Historian, Composer, Pianist, Speaker, Author

How To Get and Keep Kids Interested In Concert Music – Part Seven

Immortal Beloved - Beethoven

Gary Oldman as a dead ringer for the 38 year-old Beethoven from “Immortal Beloved”

Suggestion number three for getting and keeping our kids interested in music: movies and videos.

We are visual creatures, and while I am generally not in favor of increasing screen time in our children’s lives, there are some movies and videos that are worth watching.

(FYI: I am not in any way an authority on this stuff and won’t pretend to be.
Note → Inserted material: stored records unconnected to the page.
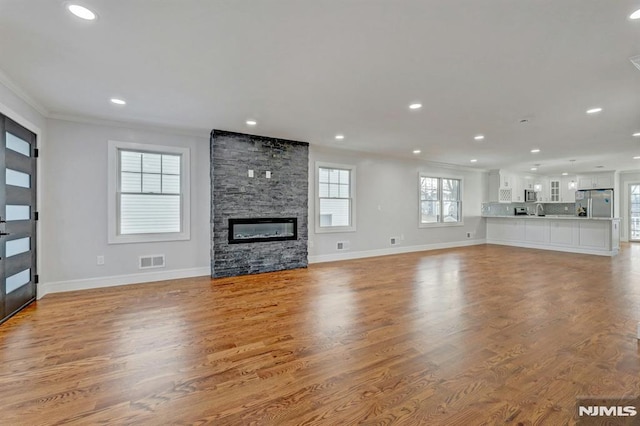 unfurnished living room featuring light hardwood / wood-style floors, crown molding, and a fireplace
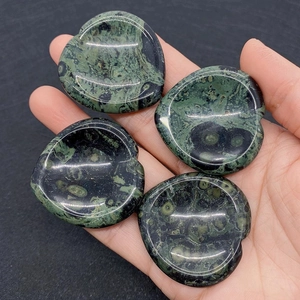 Polished Kambaba Jasper heart worry stones held in hand for massage and anxiety relief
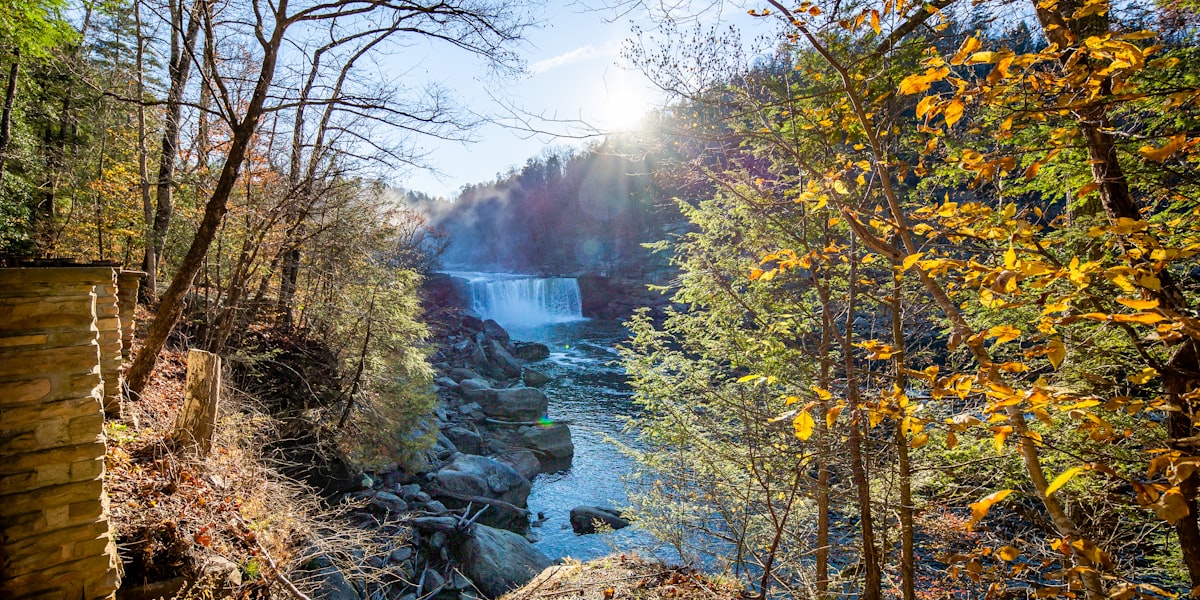 the sun is shining over a waterfall in the woods related to Experience Serenity at Cumberland Falls Bed and Breakfast Inn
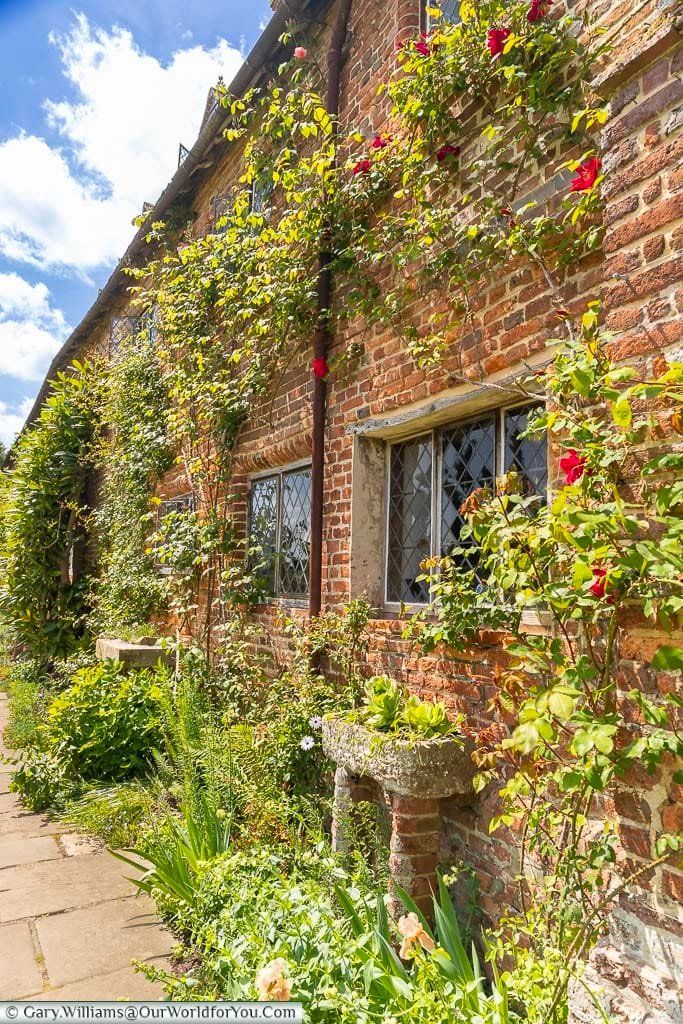 Trained planting all over the walls of the red brick historic Sissinghurst Castle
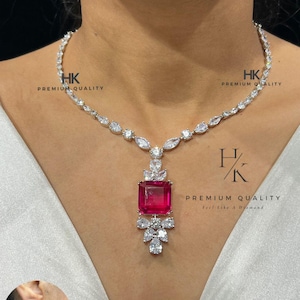 Pode incluir: Um colar prateado com um grande pingente quadrado de pedra rosa. O pingente é rodeado por pedras preciosas claras menores. O colar tem um design correspondente com pedras preciosas claras. O texto "HK PREMIUM QUALITY" é visível.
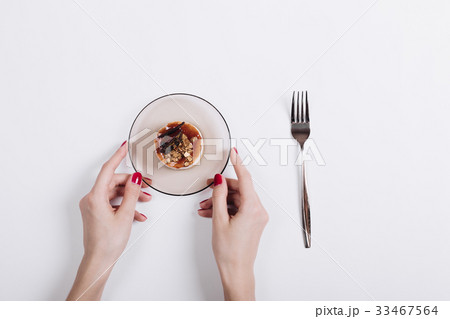 Female hands with red manicure 33467564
My suggestions are merely those of a parent attempting to achieve a measure of peace in his house while doing his best to educate his kids without reducing their brains to blackcurrant jelly. Any and all comments/suggestions/burnt offerings from cyberville are invited and indeed, eagerly awaited.)

For littler ones, I would heartily recommend such movies as “Beethoven Lives Upstairs”, “Mr. Bach Comes to Call”, Disney’s “Peter and the Wolf” and “Fantasia 2000”. We’re not looking for historical truth here; just exposure. The great movie musicals are also wonderfully entertaining. For younger kids I would recommend the usual suspects: “The Wizard of Oz” (although the Wicked Witch of the West might be a bit scary for kids under 6), “Mary Poppins”, “Annie”, “The Music Man”, Disney’s “The Little Mermaid”, “The Lion King”, and “Chitty Chitty Bang Bang”. (For personal reasons, I have left out “The Sound of Music”, as I would prefer to be kicked to death than to ever have to watch it again. Consider this a character flaw.)

The most young child-friendly major opera is, in my most informed opinion, Mozart’s “The Magic Flute”. The English language-version (DVD) made by the Met in 2011 and conducted by James Levine is wonderful.

There is also an excellent set of videos made by Disney Junior called “Little Einsteins.” Each episode of the “Little Einsteins” series focuses on a different piece of concert music and teaches all sorts of musical terminology as well. My kids loved them.

For older kids there are, of course, many more sophisticated musicals, operas and concert performances to choose from. As “entry level” operas I would suggest (in their original languages; older kids can read subtitles!) Mozart’s “The Marriage of Figaro”, “Don Giovanni”, and “The Abduction from the Harem”; Rossini’s “The Barber of Seville”; Verdi’s “Rigoletto”, “Il Trovatore”, and “Aida”; Bizet’s “Carmen”; and Puccini’s “La Bohème”. (If you want to be really hip, play “La Bohème” and “Rent” on back-to-back nights. Same story; different time, place, and music.)

Finally, for older kids there are the various composer bio-pics: movies that we might love but movies that should come with a warning label, “this film does not let the facts get in the way of a good story.” “Amadeus” is a great movie but it is more fiction than fact. The same problem of historical fact versus dramatic fiction plagues “Immortal Beloved”, although Gary Oldman is brilliant and looks amazingly like Beethoven did in his thirties (as opposed to Ed Harris as Beethoven in the ludicrous “Copying Beethoven”). For what it’s a worth, “Impromptu”, with Hugh Grant as Chopin, Julian Sands as Liszt, and Judy Davis and George Sand is my favorite “composer” movie. (I have, properly, left Ken Russell’s “Lisztomania” and “Mahler” off this list, as they should be viewed only by consenting adults well after the children go to bed.)

(Yet another parenthetical statement. Off the record, because it is not appropriate for most kids, I must nevertheless identify what I believe to be the single best movie about music ever made: “This is Spinal Tap”. The. Single. Best. Music. Movie. Ever. Made.)